Consider the case of “United Breaks Guitars,” a song written by musician Dave Carroll. Carroll wrote it after United Airlines broke his $3,000 Taylor guitar, then repeatedly rejected his compensation claim.

Carroll and his band uploaded a music video of the song to YouTube, which (to date) has been viewed 15.9 million times:

 

 

 

In the age of social media, customers tell far more than just 9-10 people about their negative experiences. That means you need to have solid processes in place for responding to customer complaints, including email campaigns.

The Red-Yellow-Green Framework for Client Email Complaints

Speed is the key to making frustrated customers happy again. The faster you fix problems, the happier your customers will be.

To move with speed, here’s a simple method you and your team can use to respond quickly and effectively to customer service emails.

It uses red, yellow, and green Gmail labels to prioritize messages, allowing your team to respond to urgent (and potentially damaging) customer messages quickly.

Step 1: Give Everyone Access to Gmail Labels

First, you’ll need to make sure everyone on your team has installed the free Gmail Label and Email Sharing Chrome extension:

 

 

 

 

Step 2: Sort Emails Using Gmail Labels for Green, Yellow, and Red

Create and share labels for “red,” “green,” and “yellow” emails. Everyone on your team will need access.
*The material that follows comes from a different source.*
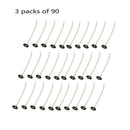 90Pcs Candle Wicks Cotton Core Waxed Wick with Sustainer for Candle Nove WOV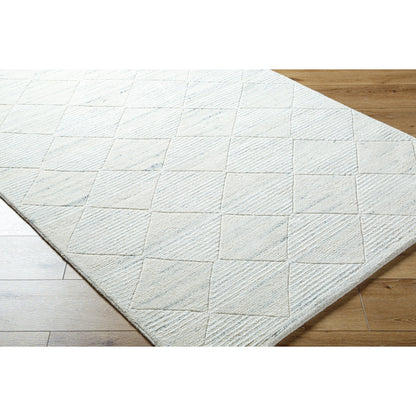 Gina Rug - 496433 by Becki Owens x Surya in ivory, black. Made from face: 75% wool, 25% viscose, warp: 100% cotton in a unique style.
Then simply sort messages by labeling them as you receive them.

“Red” emails should be handled ASAP. “Yellow” are important but not critical. “Green” need a response, but they are not urgent:

 

 

 

 

Step 3: Have Employees Respond to “Red” Emails, then “Yellow,” then “Green”

Once you have the labels set up, everyone on your team can work through them by their priority. If someone’s not sure what to respond, your team can comment on emails with each other before replying back to the customer.

Respond to emails in the “red” bucket first. Then “yellow.” Then “green.”

Conclusion

Most customer complaints won’t reach 15 million people.

But the average Facebook user now has at least 338 friends. That’s a far greater reach than the 9-10 people from Coca-Cola’s study 1970s-era study.

Responding to emails using a simple red, yellow, green priority method ensures you deal with angry and urgent complaints first, then move on to the less urgent ones.

That’s good for your customers, good for your reputation, and (most importantly), helps you keep your company from being the target of a “United Breaks Guitars”-style PR disaster on social media.

All it takes is some planning—and the free Gmail Label and Email Sharing Chrome extension.